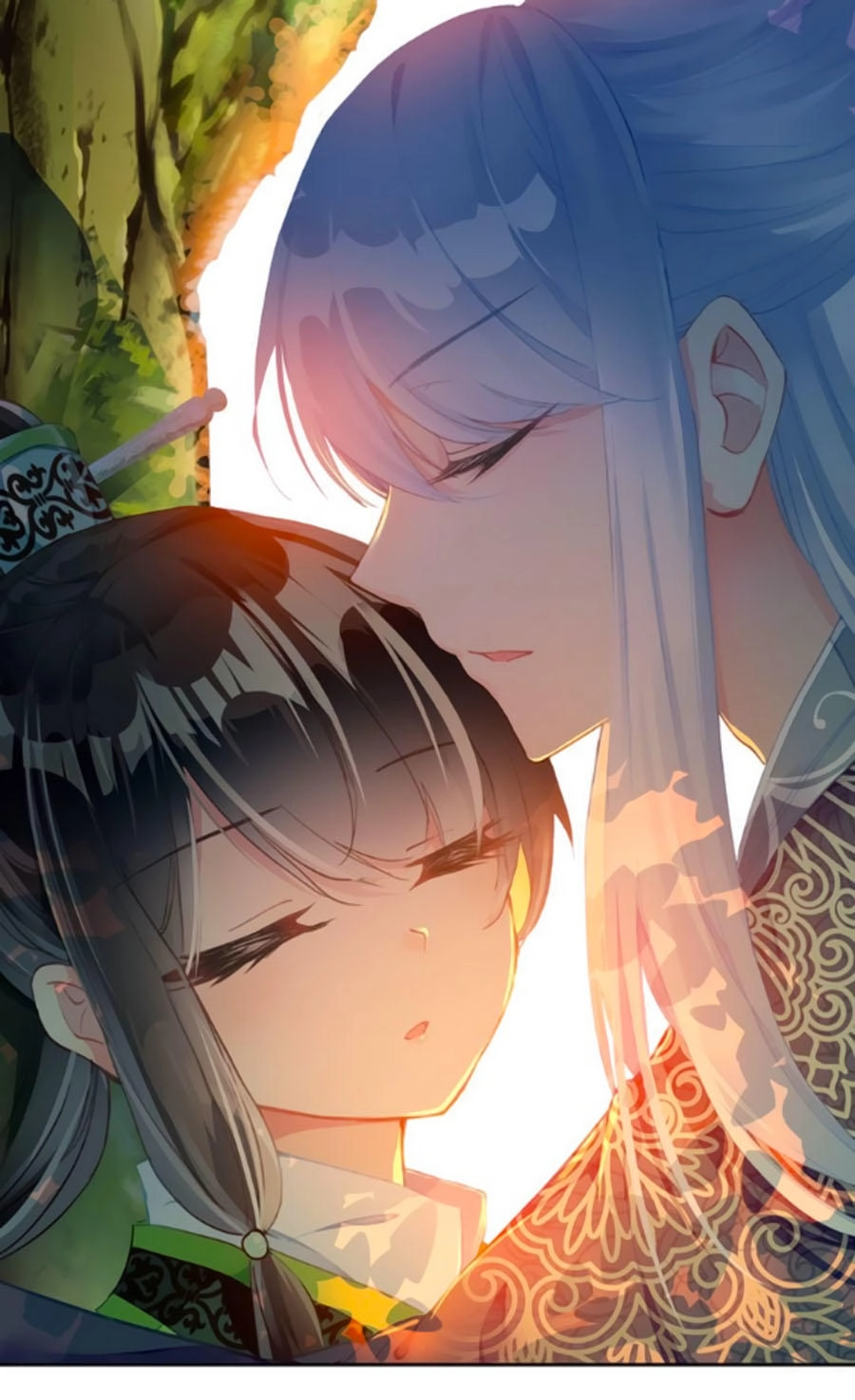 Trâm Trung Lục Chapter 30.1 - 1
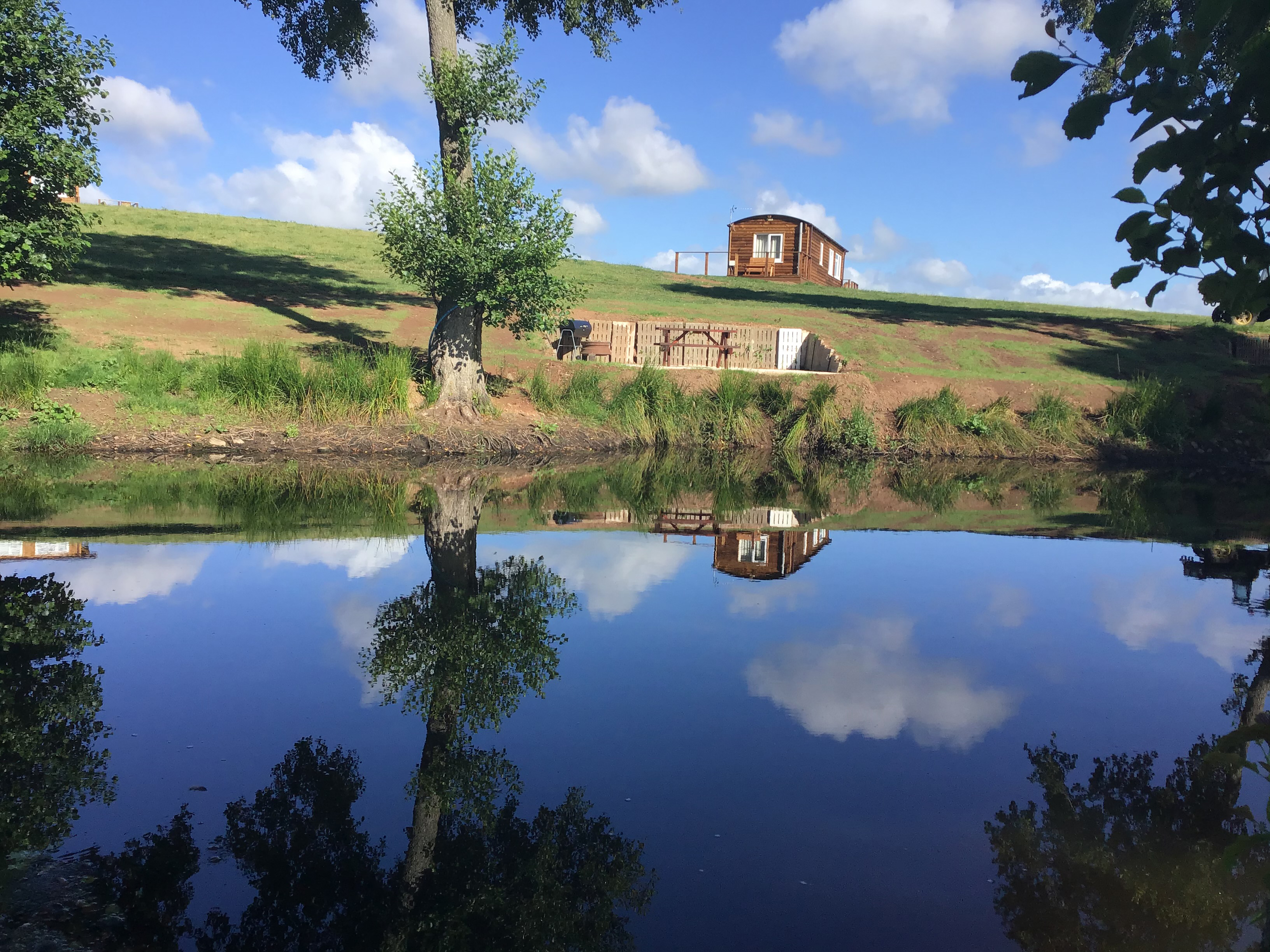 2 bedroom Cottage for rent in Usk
_ _ _
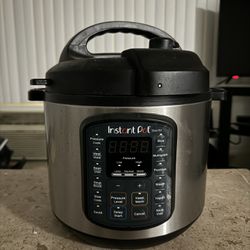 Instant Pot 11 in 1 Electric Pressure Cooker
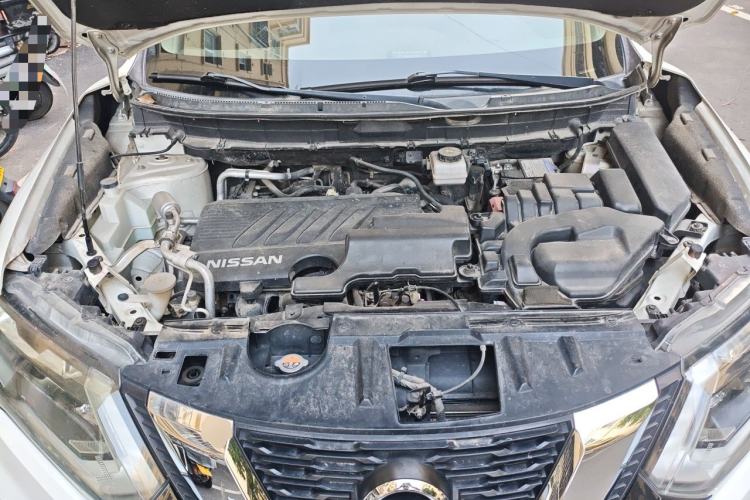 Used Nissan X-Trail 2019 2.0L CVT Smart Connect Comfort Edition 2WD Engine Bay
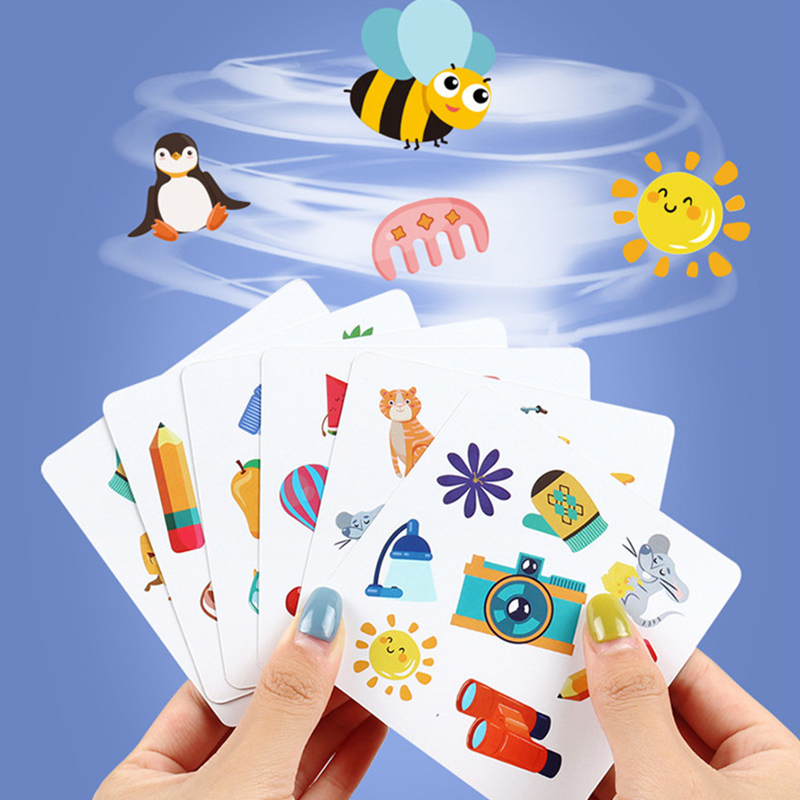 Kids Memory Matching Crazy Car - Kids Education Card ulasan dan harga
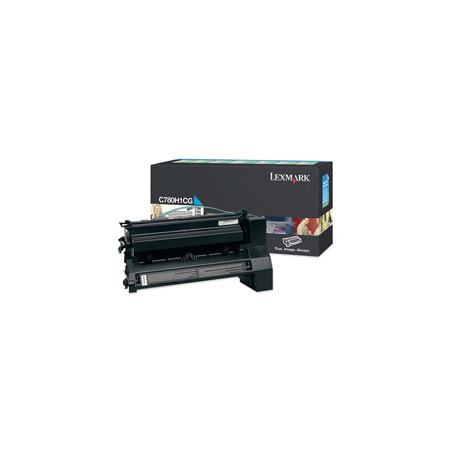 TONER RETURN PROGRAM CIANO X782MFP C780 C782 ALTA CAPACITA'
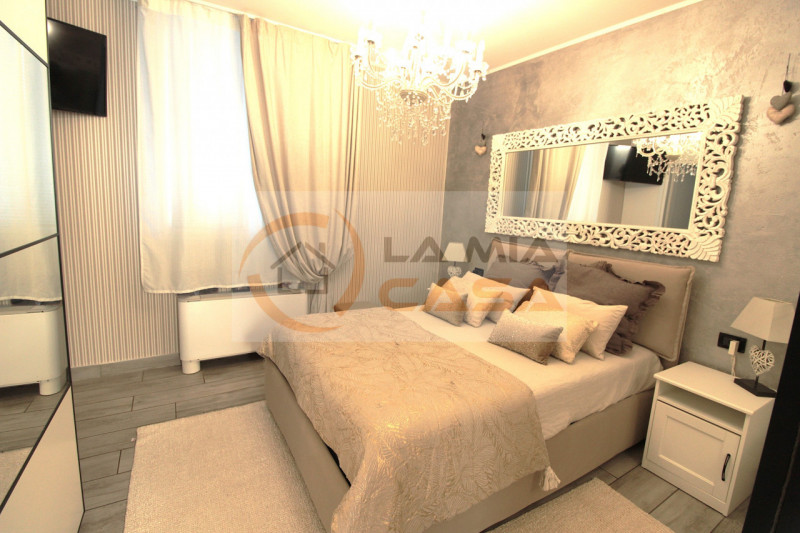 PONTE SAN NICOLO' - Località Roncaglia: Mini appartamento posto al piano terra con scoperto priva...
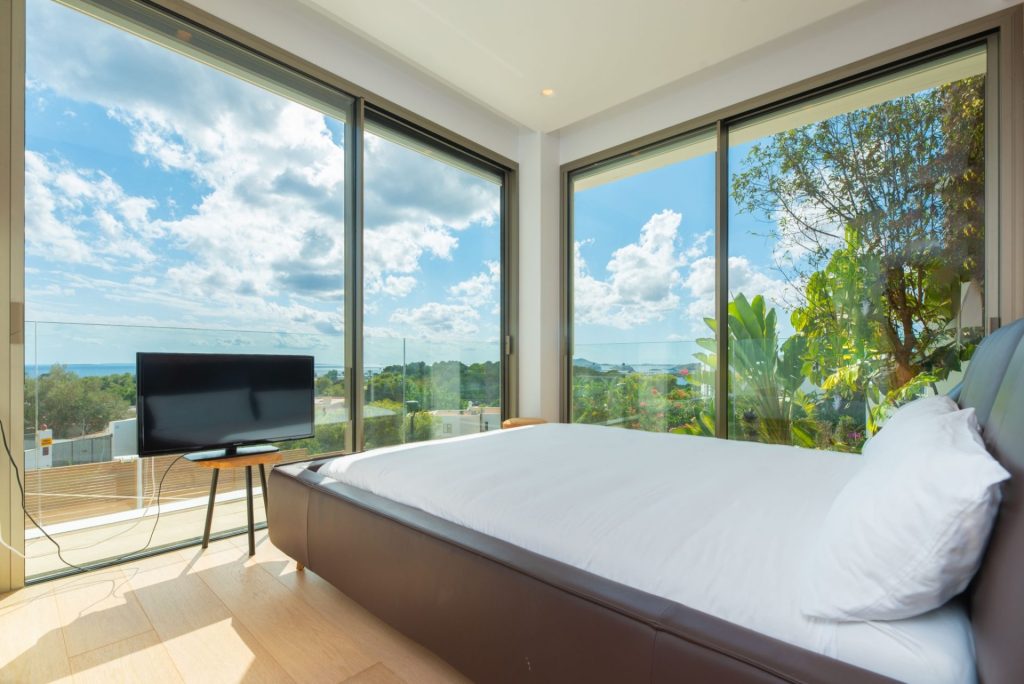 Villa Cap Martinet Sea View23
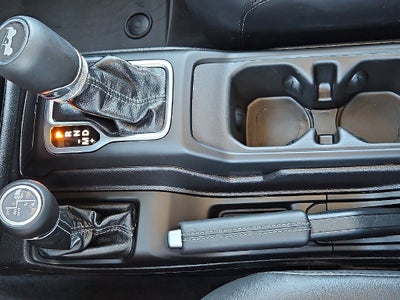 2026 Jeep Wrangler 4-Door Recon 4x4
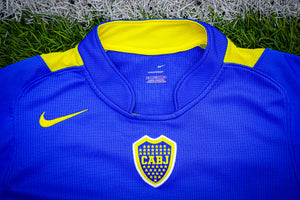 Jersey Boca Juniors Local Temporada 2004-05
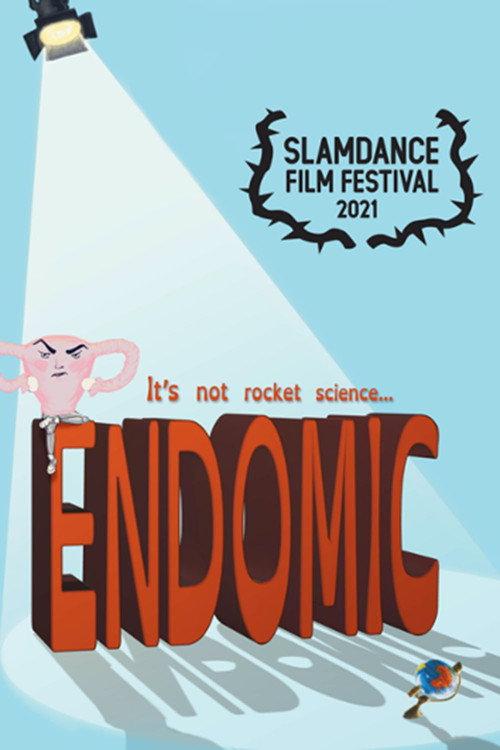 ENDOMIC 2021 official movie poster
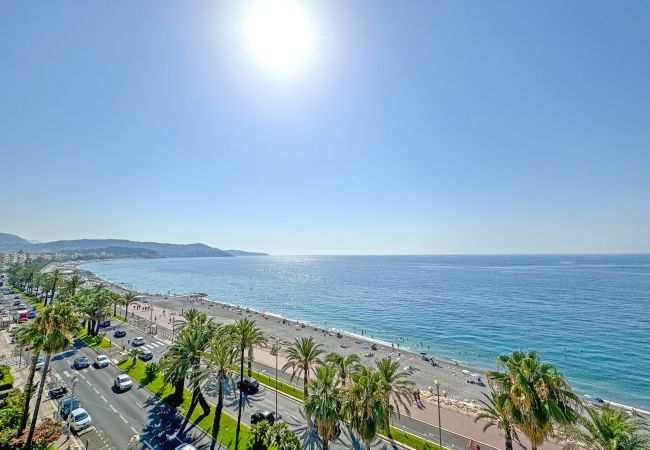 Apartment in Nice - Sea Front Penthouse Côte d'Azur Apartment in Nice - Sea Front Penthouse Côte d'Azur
_ _ _
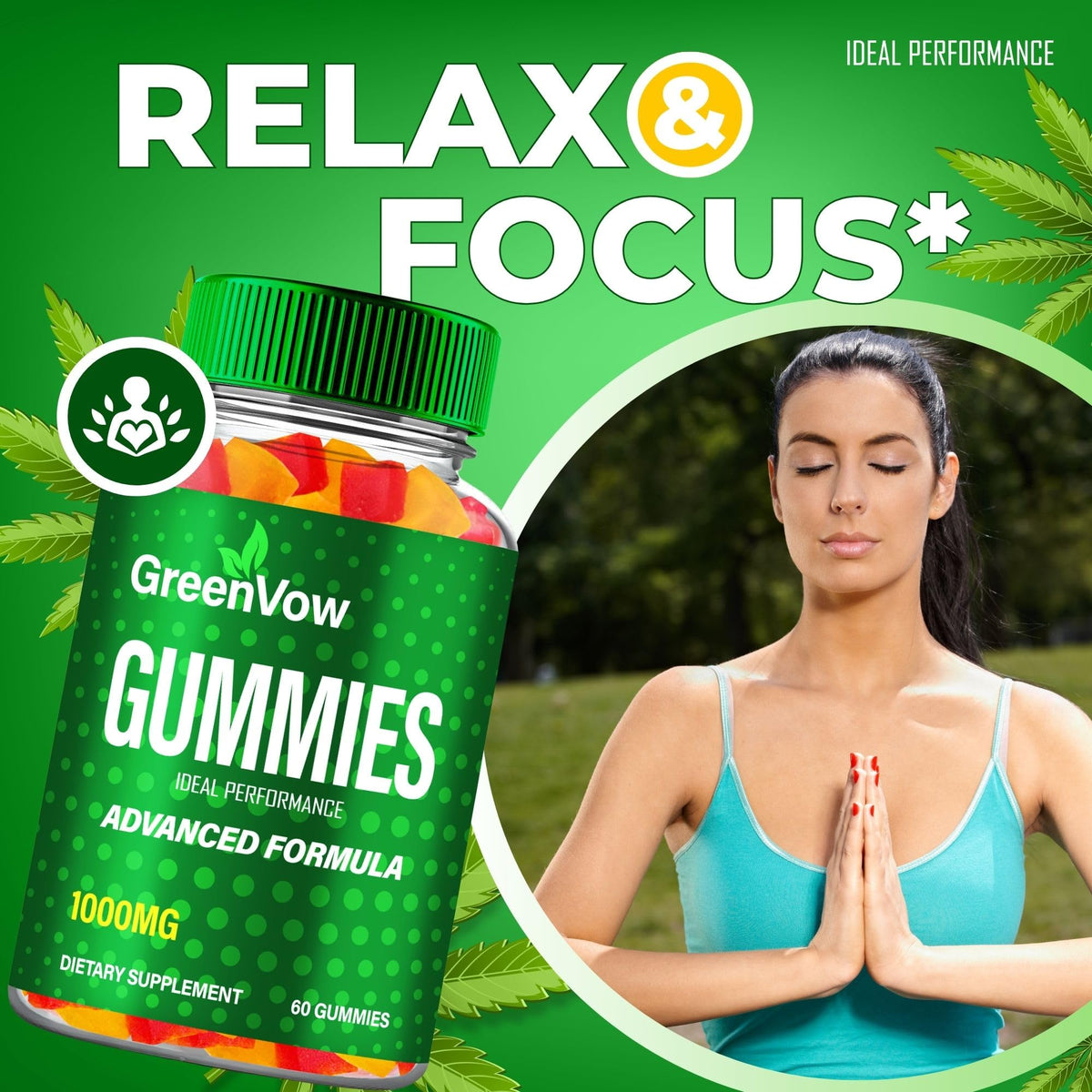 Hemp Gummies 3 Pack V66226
_ _ _
[What you need to do] Exact copy, pictures excluded: every line above from the one containing "Kids Memory Matching" to the one containing "Apartment in Nice - Sea Front Penthouse Côte d'Azur Apartment", inclusive, and nothing more.

[Response area]
 Kids Memory Matching Crazy Car - Kids Education Card ulasan dan harga
 TONER RETURN PROGRAM CIANO X782MFP C780 C782 ALTA CAPACITA'
 PONTE SAN NICOLO' - Località Roncaglia: Mini appartamento posto al piano terra con scoperto priva...
 Villa Cap Martinet Sea View23
 2026 Jeep Wrangler 4-Door Recon 4x4
 Jersey Boca Juniors Local Temporada 2004-05
 ENDOMIC 2021 official movie poster
 Apartment in Nice - Sea Front Penthouse Côte d'Azur Apartment in Nice - Sea Front Penthouse Côte d'Azur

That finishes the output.